Unfortunately, it’s clear that the Obama Administration still doesn’t understand this easy issue.

Inversions are inevitable if you have a flawed tax system.  Multi-national companies have offices around the world.  They can set up headquarters in America, or in any number of different countries.  No matter where they hang a shingle, they will have to pay the full U.S. corporate income tax rate on all U.S. profits.  So what’s the big deal here?  The big deal is that our tax system is the worst in the world for these type of employers, and inversion is the entirely predictable result.

Worldwide vs. Territorial taxation. The U.S. is virtually the only country in the world that requires its companies to not only pay taxes on profits it earns here, but also exposes profits earned overseas to U.S. taxation when repatriated.  This is known as a “worldwide tax regime.” Other countries have what we should have, a “territorial tax regime,” where taxes are owed only where they are earned.

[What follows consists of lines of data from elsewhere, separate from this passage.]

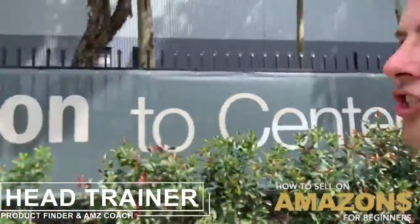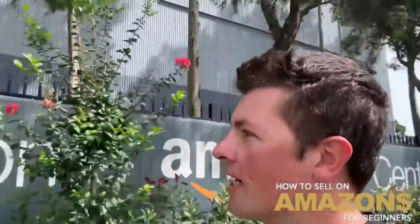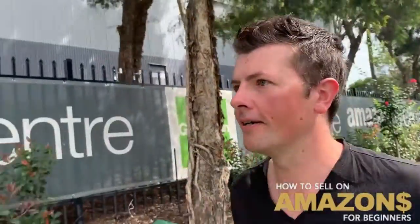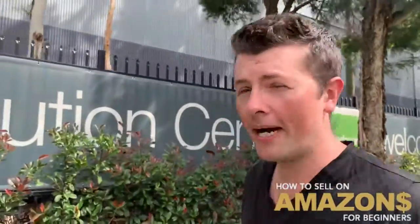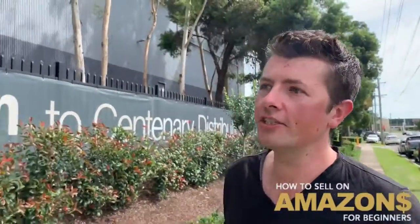Outside the Amazon warehouse — it's huge, massive. They've got one in Sydney and one in Melbourne, it's humongous. This one is based in Moore Bank, Sydney, about an hour away from the Sydney CBD. The logistics and infrastructure they've built here is a billion-dollar infrastructure.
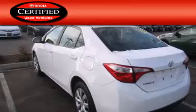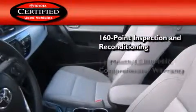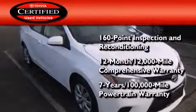Toyota's certification includes a 160-point inspection and an extensive reconditioning process, plus a 12-month, 12,000-mile comprehensive warranty, and a 7-year, 100,000-mile powertrain warranty.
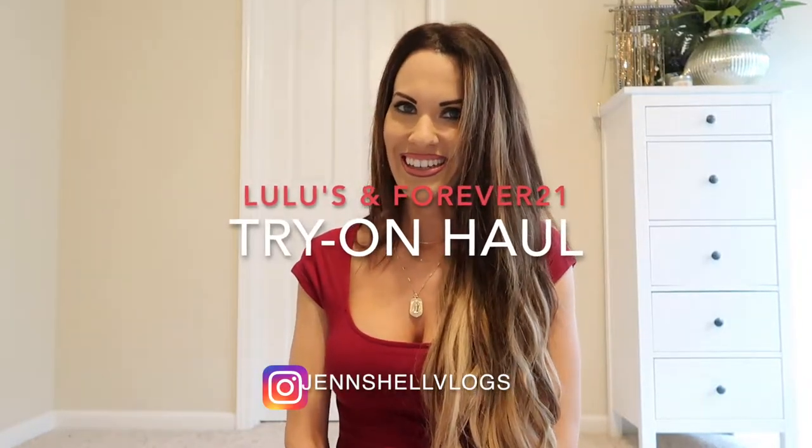Hey everyone, Jen here. Today I'm going to do a haul for you guys — a try-on haul of little dresses I picked up at Lulu's and Forever 21. I love little tiny dresses for spring and summer, so you'll definitely catch me in a lot of them through the warmer months.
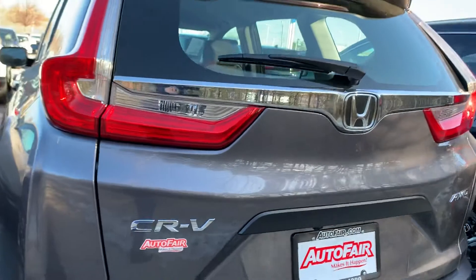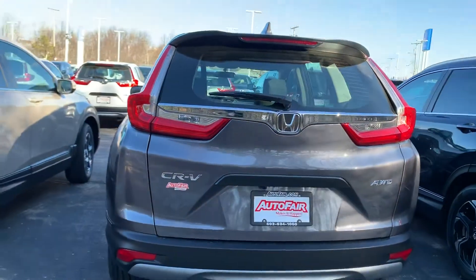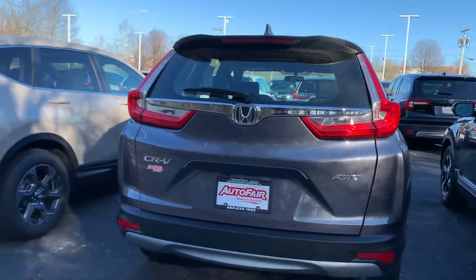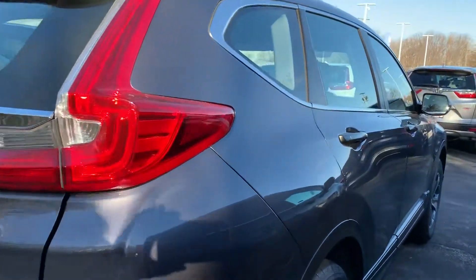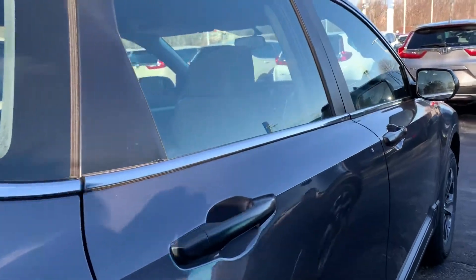This is the Modern Steel. Give me a call at 603-494-7742 if this is something you'd like to come in and take a look at and go for a test drive. Again, it's Debbie from AutoFair Honda. Stay warm, Kim, and I hope to hear from you soon. Bye-bye.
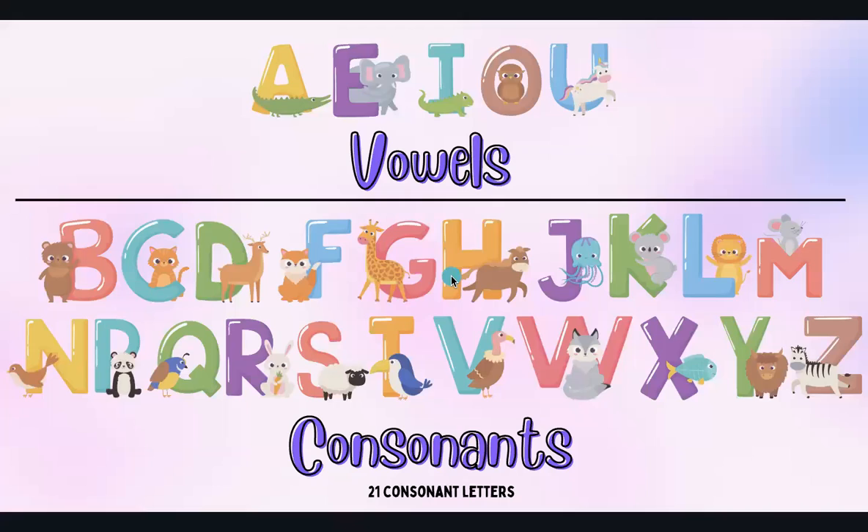Hello friends. This week we learned about consonants and consonant blends. In the English alphabet, we know that there are five vowels: A, E, I, O, and U. All the rest of the letters in the alphabet are consonants, and there are 21 consonant letters.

The highest tax rate in the world.  Combine this double taxation with the highest corporate income tax rate in the developed world (over 39 percent, compared to a developed nation average under 25 percent), and you have a recipe for corporate inversions to happen. Companies are simply not going to expose their profits earned overseas (and which already have faced taxation abroad) to even more taxation in the United States, which taxes more heavily than anyone else.

A simple solution: lower the tax rate, stop double taxing.  Responsible policymakers know that there is a very simple, two-pronged approach to stopping inversions–dramatically lower the tax rate on businesses, down to the developed nation average of 25 percent (or even less).

That by itself will do most of the work.

Combine that with adopting a territorial tax regime, and the problem is solved.  Companies not only won’t want to move abroad to protect their shareholders, employees, and customers from unfair tax rules–we will actually see other countries’ companies wanting to set up shop here.

The Obama Administration just doesn’t get it.  It’s clear, unfortunately, from Lew’s speech that the Obama Administration just doesn’t get it.  Let’s break it down:

Lew calls for a phony corporate tax reform with a top rate of 28 percent and higher taxes than before.  A top rate that high simply isn’t enough to make America competitive around the world. We would still have a tax rate significantly higher than the developed nation average. Combine this with tax increases to pay for it even bigger than the rate reduction, and companies are worse off than before.

They want to use the net tax increase money for another round of stimulus spending on roads.  If there’s something we do know, it’s that companies are doing inversions because they are overtaxed.  Increasing their taxes, and then using the money to finance union-contract road deals, is only going to make the problem worse.

Where’s the end to double taxation?  You won’t find it here.  Not only does the administration not ending the worldwide double tax regime–they are actually proposing making it worse.

Retroactive tax increases on companies who should have hired psychics. Arguably, the most offensive part of the plan is that it would apply to companies who have already made the inversion decision, months or even years before the law is passed.  Apparently, the companies who were making sound business decisions at the time neglected to hire psychics to divine what Congress might do (and apply backwards) months or years in the future.  There’s a reason the Constitution forbids “ex post facto” laws, and this is it.